--- START ---

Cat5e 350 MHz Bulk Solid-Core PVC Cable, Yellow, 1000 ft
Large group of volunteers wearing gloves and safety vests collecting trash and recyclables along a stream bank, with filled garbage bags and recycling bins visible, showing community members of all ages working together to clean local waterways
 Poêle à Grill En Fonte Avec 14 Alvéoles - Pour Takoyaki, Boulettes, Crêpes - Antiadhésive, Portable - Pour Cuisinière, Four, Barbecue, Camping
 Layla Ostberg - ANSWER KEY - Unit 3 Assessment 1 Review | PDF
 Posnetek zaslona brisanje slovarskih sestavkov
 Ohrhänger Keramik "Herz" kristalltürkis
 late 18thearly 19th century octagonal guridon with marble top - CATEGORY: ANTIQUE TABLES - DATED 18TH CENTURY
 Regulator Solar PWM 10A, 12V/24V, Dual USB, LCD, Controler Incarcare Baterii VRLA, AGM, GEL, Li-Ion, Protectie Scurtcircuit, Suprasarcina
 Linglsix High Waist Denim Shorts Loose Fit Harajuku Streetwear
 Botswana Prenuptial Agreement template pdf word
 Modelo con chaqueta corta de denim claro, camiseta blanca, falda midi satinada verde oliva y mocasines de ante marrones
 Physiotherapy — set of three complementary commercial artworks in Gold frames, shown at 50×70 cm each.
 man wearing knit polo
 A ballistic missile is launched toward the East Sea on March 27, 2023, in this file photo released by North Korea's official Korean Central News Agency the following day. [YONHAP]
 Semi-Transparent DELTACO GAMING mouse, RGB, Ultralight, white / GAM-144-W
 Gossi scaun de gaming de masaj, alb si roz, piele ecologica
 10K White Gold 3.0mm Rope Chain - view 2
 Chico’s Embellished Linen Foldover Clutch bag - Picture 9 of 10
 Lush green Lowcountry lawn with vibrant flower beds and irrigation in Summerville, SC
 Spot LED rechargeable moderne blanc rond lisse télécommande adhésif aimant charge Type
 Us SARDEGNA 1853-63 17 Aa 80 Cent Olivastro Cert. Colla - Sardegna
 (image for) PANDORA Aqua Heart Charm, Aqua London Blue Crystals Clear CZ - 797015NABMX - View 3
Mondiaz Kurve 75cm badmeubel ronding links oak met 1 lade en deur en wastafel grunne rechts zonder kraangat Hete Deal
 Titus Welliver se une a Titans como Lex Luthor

--- END ---

◆ **Task directions**:
In the listing above, start at the line with "Regulator Solar PWM", go on through the line with "Botswana Prenuptial Agreement", and copy each of those lines exactly; leave out all the rest.

◆ **Exercise result**:
 Regulator Solar PWM 10A, 12V/24V, Dual USB, LCD, Controler Incarcare Baterii VRLA, AGM, GEL, Li-Ion, Protectie Scurtcircuit, Suprasarcina
 Linglsix High Waist Denim Shorts Loose Fit Harajuku Streetwear
 Botswana Prenuptial Agreement template pdf word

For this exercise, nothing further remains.